(SUPPLIED MATERIAL)

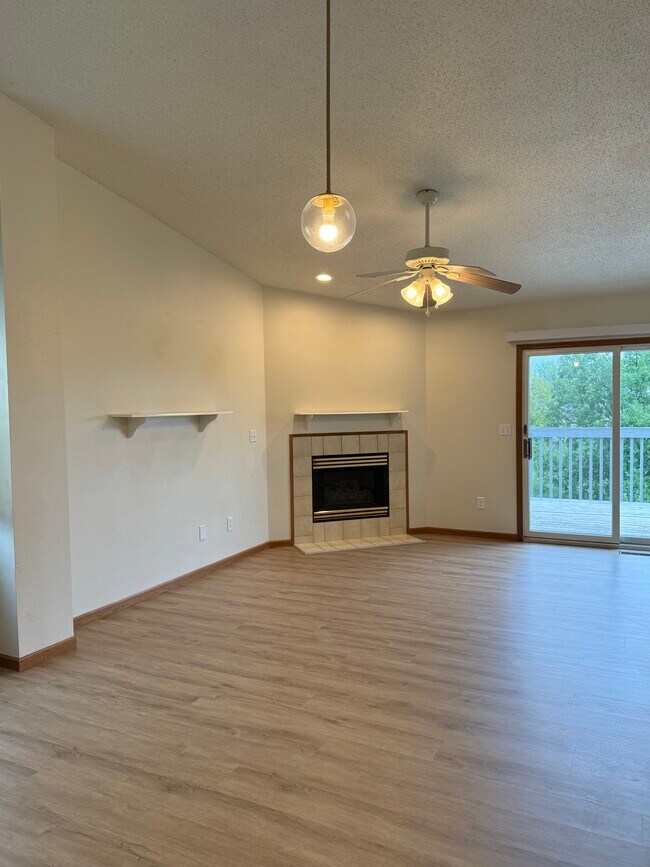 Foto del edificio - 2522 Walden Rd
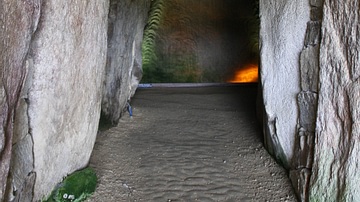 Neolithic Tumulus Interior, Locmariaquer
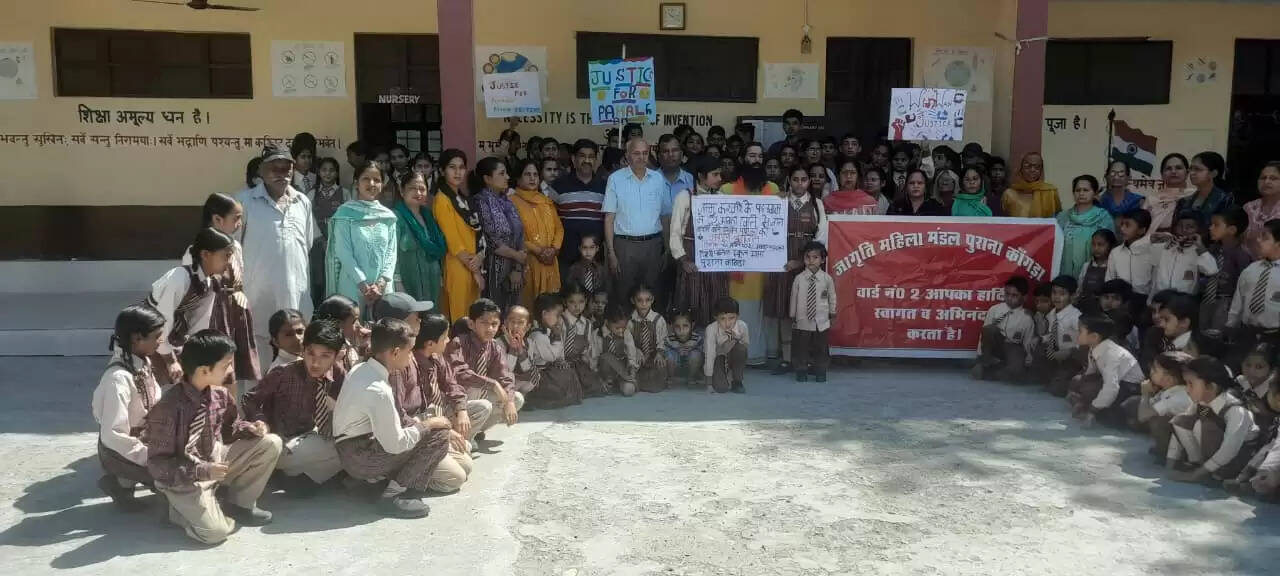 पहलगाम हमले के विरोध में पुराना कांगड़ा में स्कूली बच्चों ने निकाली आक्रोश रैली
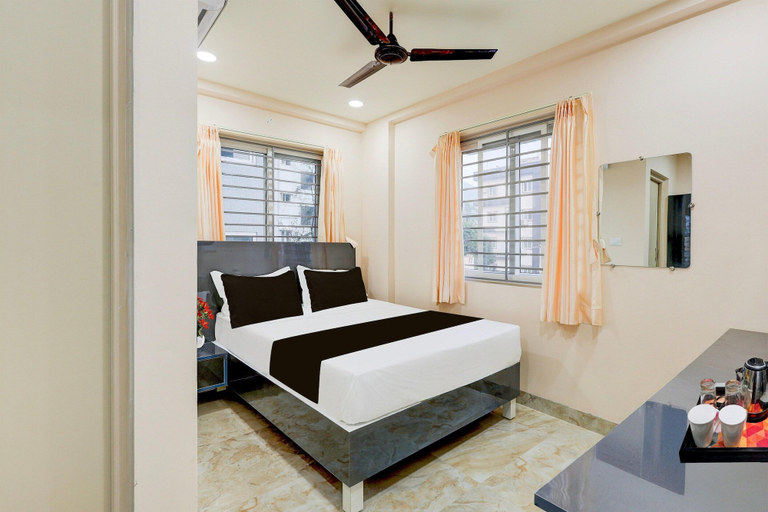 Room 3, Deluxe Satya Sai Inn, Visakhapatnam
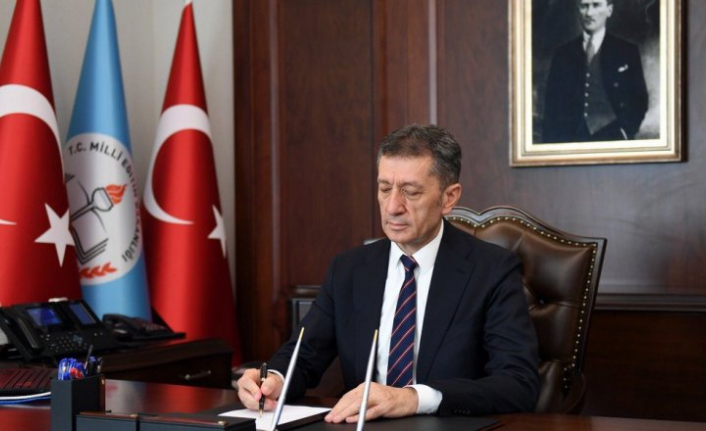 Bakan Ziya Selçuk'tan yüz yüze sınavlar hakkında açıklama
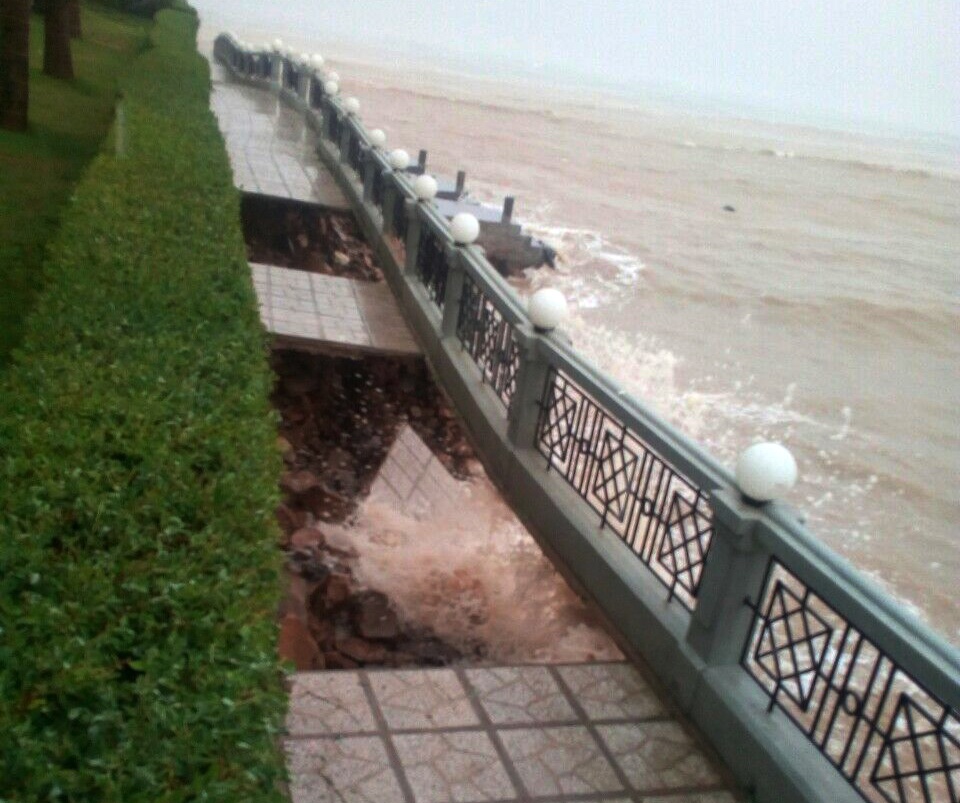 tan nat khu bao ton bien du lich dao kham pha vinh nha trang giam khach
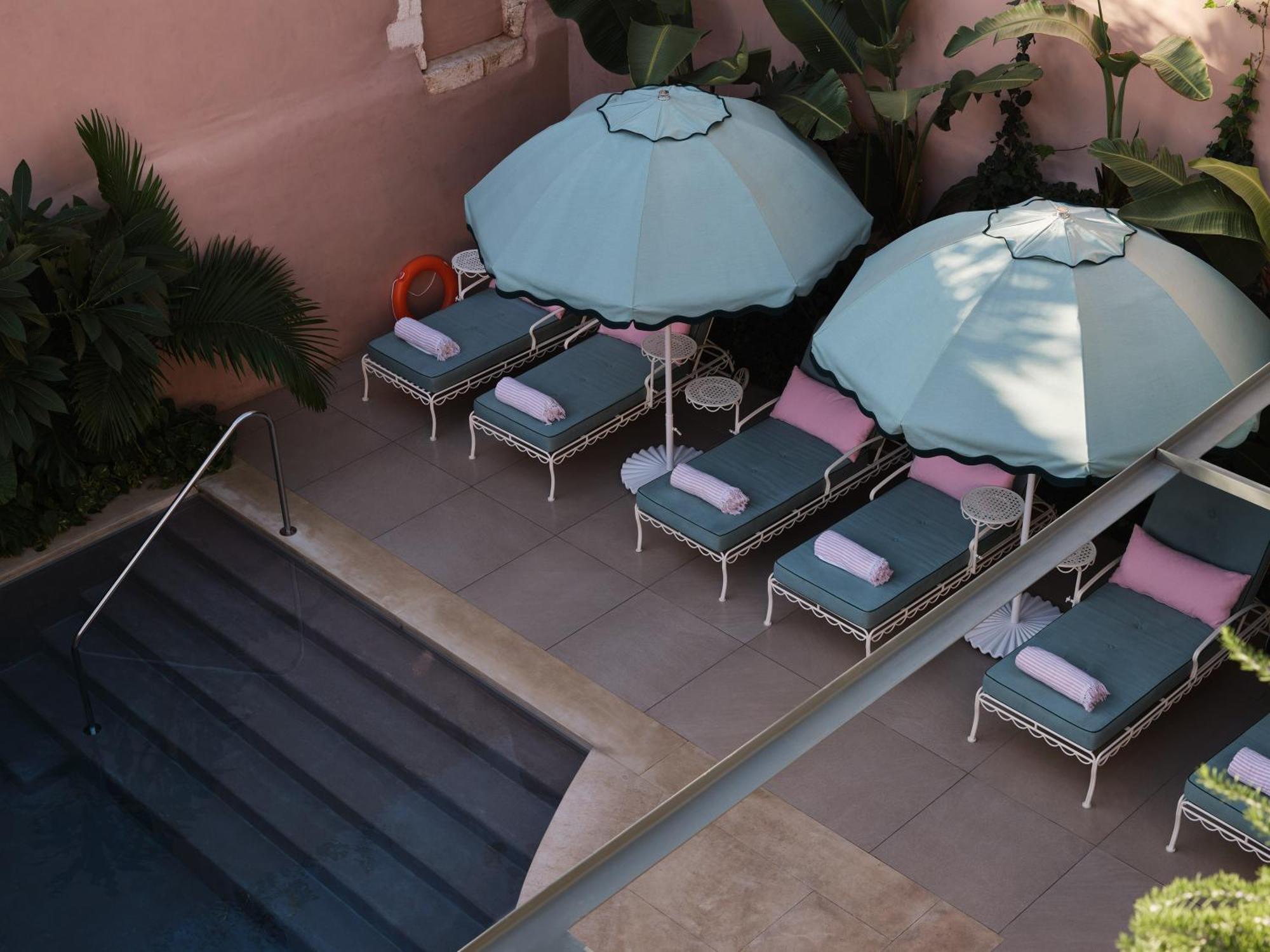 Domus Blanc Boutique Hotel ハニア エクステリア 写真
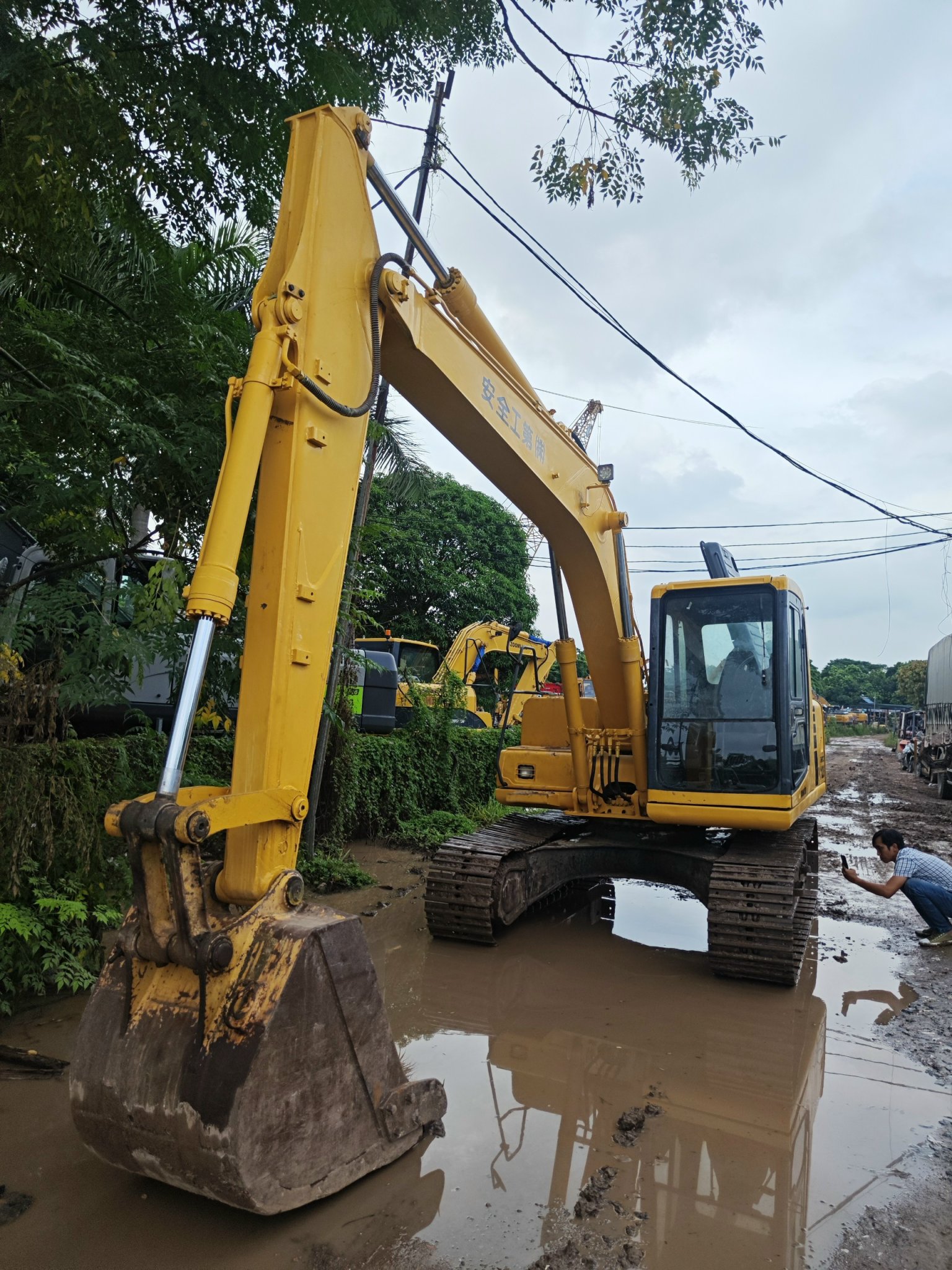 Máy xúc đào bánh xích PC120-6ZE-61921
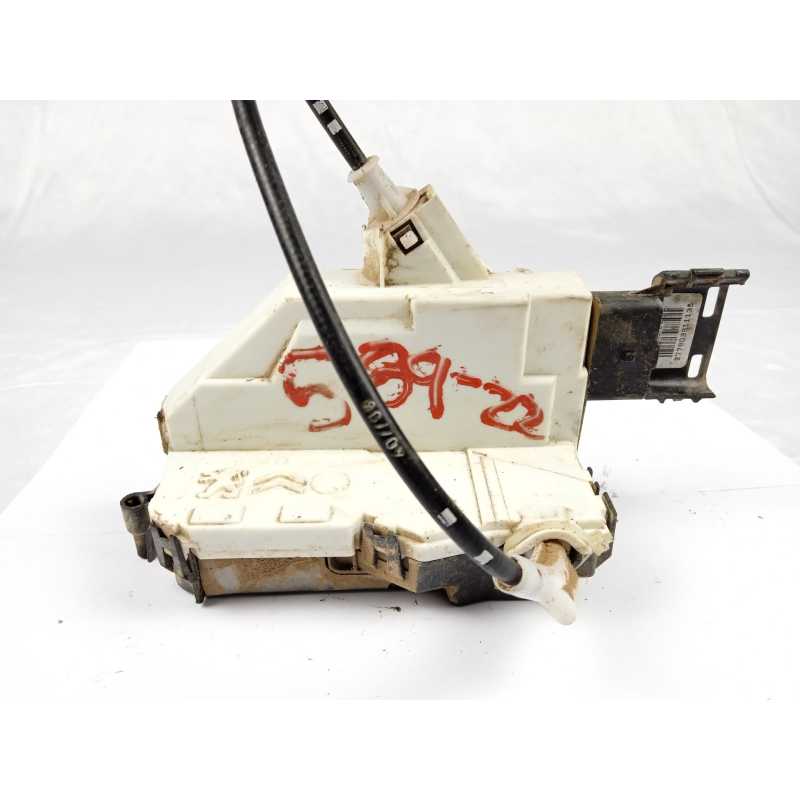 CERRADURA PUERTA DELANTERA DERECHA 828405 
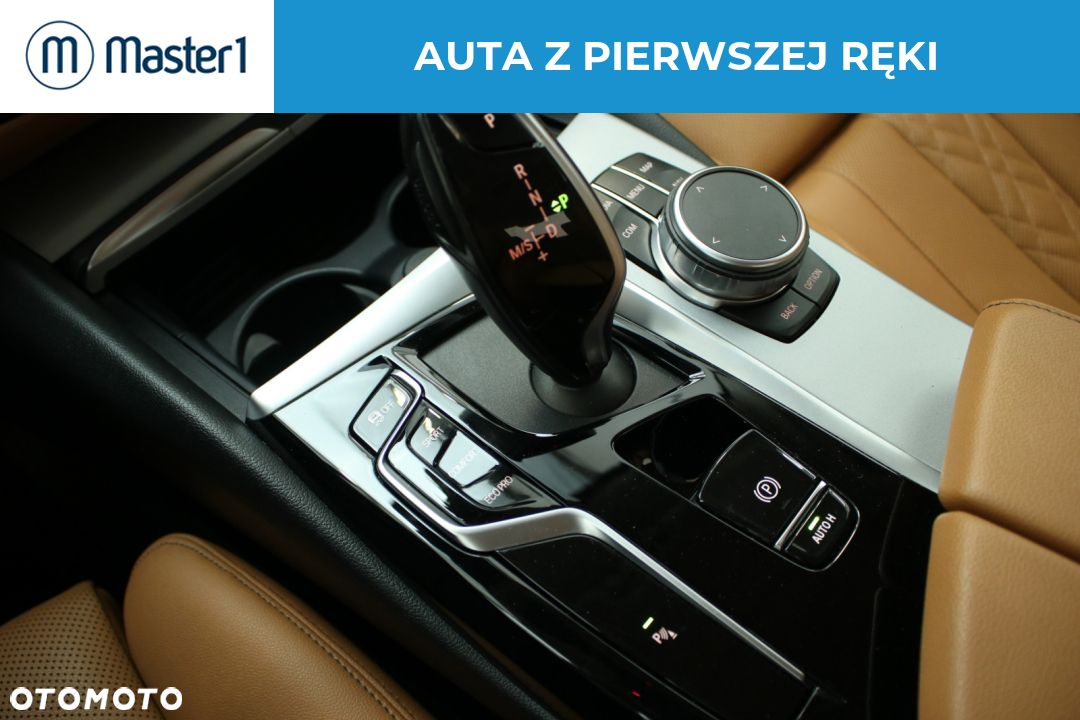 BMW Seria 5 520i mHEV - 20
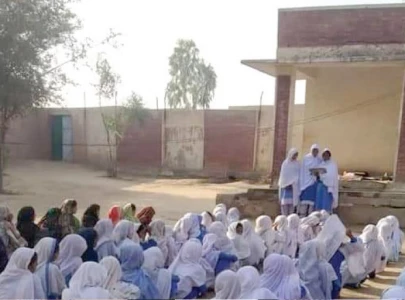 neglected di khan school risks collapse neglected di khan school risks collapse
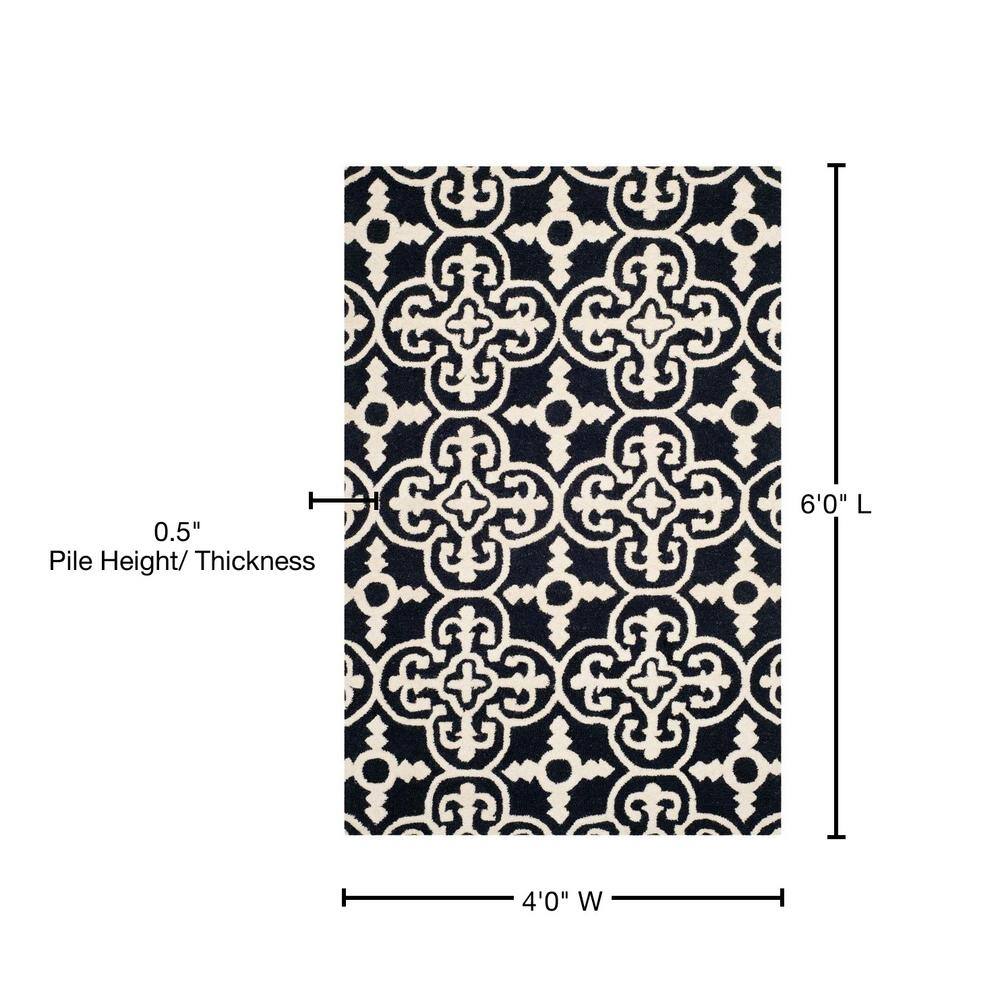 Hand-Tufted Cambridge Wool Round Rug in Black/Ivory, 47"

(End SUPPLIED MATERIAL)

With the pictures left out, output all the entries exactly.

 Foto del edificio - 2522 Walden Rd
 Neolithic Tumulus Interior, Locmariaquer
 पहलगाम हमले के विरोध में पुराना कांगड़ा में स्कूली बच्चों ने निकाली आक्रोश रैली
 Room 3, Deluxe Satya Sai Inn, Visakhapatnam
 Bakan Ziya Selçuk'tan yüz yüze sınavlar hakkında açıklama
 tan nat khu bao ton bien du lich dao kham pha vinh nha trang giam khach
 Domus Blanc Boutique Hotel ハニア エクステリア 写真
 Máy xúc đào bánh xích PC120-6ZE-61921
 CERRADURA PUERTA DELANTERA DERECHA 828405 
 BMW Seria 5 520i mHEV - 20
 neglected di khan school risks collapse neglected di khan school risks collapse
 Hand-Tufted Cambridge Wool Round Rug in Black/Ivory, 47"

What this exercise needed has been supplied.